Eli5 Entropy and Mutual Information

Reddit has this pretty cool subreddit ELI5 = “Explain like I’m 5″ where people try to explain topics as if they are talking to a five year old.  It’s an interesting exercise to see how much of a difficult topic like nuclear energy or solar physics you could explain to a five year old.  Here is my attempt to explain Entropy and Mutual Information to a bright five year old that isn’t afraid of big words or long sentences.

(This post is going to be amazingly long and very simplistic, so I suggest you don’t bother reading it unless you think it might be fun to consider how to explain a complex concept like mutual information to a five year old.)


Random Variables

In order to explain (information theoretic) entropy we need to talk about random variables.  A random variable is a number that you get from a repeatable experiment.  For example, if you roll a die, the outcome is 1, 2, 3, 4, 5, or 6.  We say that the result of each die roll is a random variable.



So random variables have something called entropy.  In order to talk about entropy it’s helpful to first talk about the doubling numbers.  The doubling numbers are 1, 2, 4, 8, 16, ….  I call them doubling numbers because 1+1 = 2, 2+2 =4, 4+4 =8, and so on.  (The official name of doubling numbers is “the powers of two” but let’s just call them doubling numbers for now.)



If a random variable has two equally likely outcomes, we say that the variable has an entropy of 1 bit.  If it has four equally likely outcomes, then the variable has 2 bits, eight 3 bits, and 16 outcome gives 4 bits.  Of course, some random variables have like 6 outcomes and that is not a doubling number, so we could say that it has about two and a half bits because 6 outcomes is half way between 4 outcomes which is 2 bits and 8 outcomes which is 3 bits.

How did we get the name bits?  Well, in a computer bits are little electronic parts that are either on or off.  We use the code 0 for off and 1 for on.  (This code is called the binary code.)  We could represent the result of an experiment (a random variable) with these bits.  Suppose that our experiment is flipping a coin and we call tails 1 and heads 0.  Then we would need one bit to record the results of each coin flip.


Three bits for an eight sided DIE

The number of bits needed to record the roll of an eight sided die would be larger.
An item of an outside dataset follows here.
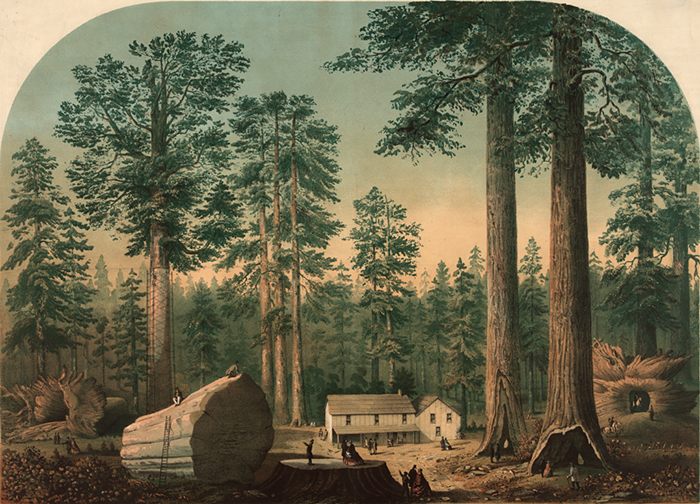 1840s-1860s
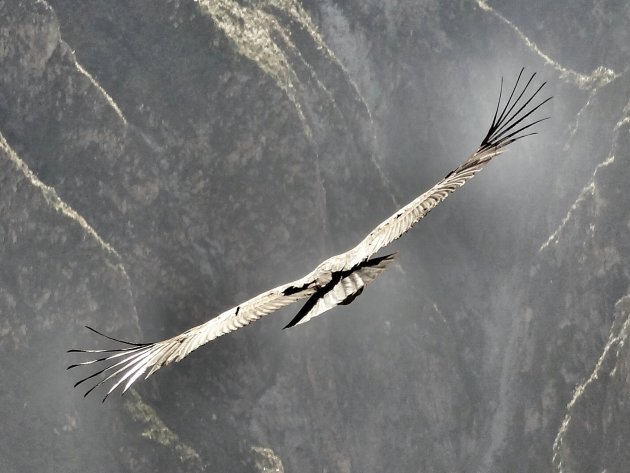 Condor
It can be done with three bits as follows.   If you roll a 1, set the bits to off-off-on (001).  If you roll a two, set the bits to 010.  A 3 set them to 011, 4 ->  100, 5 -> 101, 6 -> 110, 7 -> 111, and 8 -> 000.  Notice that we were able to represent every possible outcome with only 3 bits.  That’s why we say the entropy of an eight sided die roll is three bits.


A multi-stage experiment

More complicated experiments would require some more difficult computations. Sometimes, the outcomes are not all equally likely.  Suppose our experiment has two stages.  In stage one we flip a nickel.  If the result is tails, we quit.  If the result is heads, we flip a quarter.  There are three possible results for this experiment:

  1. The nickel is tails
  2. The nickel is heads and the quarter is tails.
  3. The nickel is heads and the quarter is heads.

The nickel is tails about half the time and heads half the time.  So we only have to record the quarter half of the time.  The average number of bits needed to record this experiment is one and a half.  One bit for the nickel and one half bit for the quarter because we only need to write down the quarter flip outcome (1 bit) half of the time.



Sometimes random variables share bits.  When that happens, we say that they have mutual information. Most random variables do not share information. In that case, we say the variables are independent and the mutual information (shared information) is zero.



Suppose that Harry and Sally are doing an experiment.  They flip a penny, a nickel, a dime, and a quarter.  After the experiment, Harry writes down the results of the penny flip and the nickel flip.  Sally writes down the results of the nickel, the dime, and the quarter.  There are four possible outcomes for Harry: Head-Head, Head-Tail, Tail-Head, and Tail-Tail.  We say that Harry’s recording uses 2 bits, so his entropy is 2 bits.  Sally could have 8 different results, but she would only need 3 bits, one for each coin, to record her results, so her entropy is 3 bits.  The mutual information between Harry and Sally is the nickel flip which is just 1 bit (1 for heads, 0 for tails).  The overall entropy of Harry and Sally together is 4 bits because there are four coins.  The Joint entropy of Harry and Sally together is the number of bits needed to record both Harry’s result and Sally’s result.  Harry uses 2 bits and Sally 3 bits, but only 4 bits are needed because the nickel is shared.



There is a general formula for the mutual information between Harry and Sally.

Mutual Information = Harry’s Entropy + Sally’s Entropy – The Joint Entropy.

For this experiment the mutual information is  2 + 3 – 4  which is 1 bit.


 End Note

Well, that’s it.  Maybe I gave an explanation appropriate for twelve year olds. Maybe not.  I had my eighth grade son read it and then I gave him a 6 question quiz. After I corrected two of his answers, he was able to calculate the mutual information of two, fairly simple random variables.